Israele sarà finalmente isolato per i suoi crimini?
Non è una coincidenza che Netanyahu proponga il suo futuro da “Super Sparta” per Israele più o meno nello stesso periodo in cui c’è una proposta della Commissione europea di sospendere l’accordo di libero scambio dell’UE con Israele. Allo stesso tempo, la Commissione Internazionale Indipendente d’Inchiesta delle Nazioni Unite sui Territori Palestinesi Occupati (la Commissione) ha finalmente confermato questa settimana che Israele sta commettendo un genocidio a Gaza.
Questi sviluppi sono solo i primi passi. È improbabile che la proposta dell’UE abbia successo, soprattutto perché è improbabile che la Germania la sostenga. Ma anche la Germania è costretta a prenderlo in considerazione prima di respingerlo a titolo definitivo, poiché la stragrande maggioranza dell’opinione pubblica tedesca crede che Israele stia commettendo un genocidio e vuole che il loro governo smetta di vendergli armi.
Se la Germania fosse d’accordo con questa proposta, tuttavia, probabilmente passerebbe, e questo spaventa Netanyahu. Inoltre, sempre più paesi minacciano di boicottare il prossimo Eurovision se a Israele sarà permesso di partecipare. Questo tipo di boicottaggio culturale ha un profondo impatto sull’opinione pubblica israeliana.
Nonostante tutto il disprezzo e il disprezzo che Israele e i suoi amici americani accumulano sulle Nazioni Unite, sanno molto bene che l’imprimatur delle Nazioni Unite significa molto. Sanno anche che il rapporto della Commissione chiede a tutti gli Stati di smettere di vendere armi a Israele che potrebbero essere utilizzate a Gaza – il che, in termini di fanteria e armamenti a corto raggio, aerei e droni, significa tutti loro.

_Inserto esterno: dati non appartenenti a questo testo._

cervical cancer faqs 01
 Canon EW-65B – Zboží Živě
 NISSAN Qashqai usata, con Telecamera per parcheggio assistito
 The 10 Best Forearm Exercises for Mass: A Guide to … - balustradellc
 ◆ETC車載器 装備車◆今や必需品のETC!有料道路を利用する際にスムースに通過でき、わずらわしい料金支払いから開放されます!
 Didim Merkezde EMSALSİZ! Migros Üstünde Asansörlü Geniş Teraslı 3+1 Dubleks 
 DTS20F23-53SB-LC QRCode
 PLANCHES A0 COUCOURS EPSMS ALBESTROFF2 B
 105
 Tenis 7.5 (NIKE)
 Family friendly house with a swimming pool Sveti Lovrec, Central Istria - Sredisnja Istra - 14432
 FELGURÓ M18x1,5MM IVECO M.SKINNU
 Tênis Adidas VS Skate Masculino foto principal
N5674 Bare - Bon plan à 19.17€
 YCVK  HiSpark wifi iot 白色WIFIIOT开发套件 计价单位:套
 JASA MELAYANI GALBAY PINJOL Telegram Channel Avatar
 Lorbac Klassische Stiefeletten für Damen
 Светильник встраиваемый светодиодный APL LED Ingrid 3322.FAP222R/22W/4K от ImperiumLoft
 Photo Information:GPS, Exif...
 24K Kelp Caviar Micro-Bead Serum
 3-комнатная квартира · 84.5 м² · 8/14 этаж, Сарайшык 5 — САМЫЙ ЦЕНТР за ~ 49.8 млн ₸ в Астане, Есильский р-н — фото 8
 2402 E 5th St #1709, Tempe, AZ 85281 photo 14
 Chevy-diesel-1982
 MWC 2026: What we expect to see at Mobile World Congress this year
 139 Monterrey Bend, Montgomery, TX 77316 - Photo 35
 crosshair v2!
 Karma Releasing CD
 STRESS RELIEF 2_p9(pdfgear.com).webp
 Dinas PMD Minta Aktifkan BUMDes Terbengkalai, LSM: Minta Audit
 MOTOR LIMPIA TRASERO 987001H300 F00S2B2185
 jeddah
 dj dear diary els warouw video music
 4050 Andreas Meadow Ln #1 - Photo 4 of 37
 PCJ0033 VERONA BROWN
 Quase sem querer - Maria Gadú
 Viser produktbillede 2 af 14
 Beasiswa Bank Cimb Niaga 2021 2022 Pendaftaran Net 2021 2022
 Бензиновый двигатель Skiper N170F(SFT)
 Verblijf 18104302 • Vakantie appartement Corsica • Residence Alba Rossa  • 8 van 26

Questa direttiva potrebbe essere ampiamente rispettata, ma le eccezioni saranno probabilmente le uniche che contano: gli Stati Uniti e, in misura minore, la Germania. Berlino ha smesso di vendere alcune armi a Israele, ma c’è un elenco di esenzioni che include la maggior parte delle armi più importanti.
Qualsiasi carenza da altri paesi sarà senza dubbio felicemente compensata dalle società statunitensi. Gli Stati Uniti potrebbero, e probabilmente lo farebbero, anche acquistare armi dai paesi boicottatori e rivenderle a Israele.
Ciò aumenta enormemente la dipendenza di Israele dagli Stati Uniti. Dato il forte declino del sostegno popolare americano a Israele, e il fatto che non possono essere sicuri, anche se i tentativi di Trump di installare un regime autoritario che ricorda quello di Viktor Orban in Ungheria avranno successo, che la Casa Bianca rimarrà amichevole come lo è ora, Netanyahu e altri israeliani di destra sono giustamente preoccupati. Non possono essere sicuri né che gli Stati Uniti continueranno a rifornirsi loro ai tassi attuali o superiori, né che un futuro presidente potrebbe non far valere quella che sarebbe una leva irresistibile contro il governo israeliano. I costi politici per un presidente americano che lo fa stanno diminuendo sotto il peso dell’avversione americana per il genocidio di Gaza.
Netanyahu finge che Israele sia in grado di svezzarsi dal sostegno americano. Ma questo non è lo stesso mondo che i neoconservatori americani vedevano alla fine del secolo scorso.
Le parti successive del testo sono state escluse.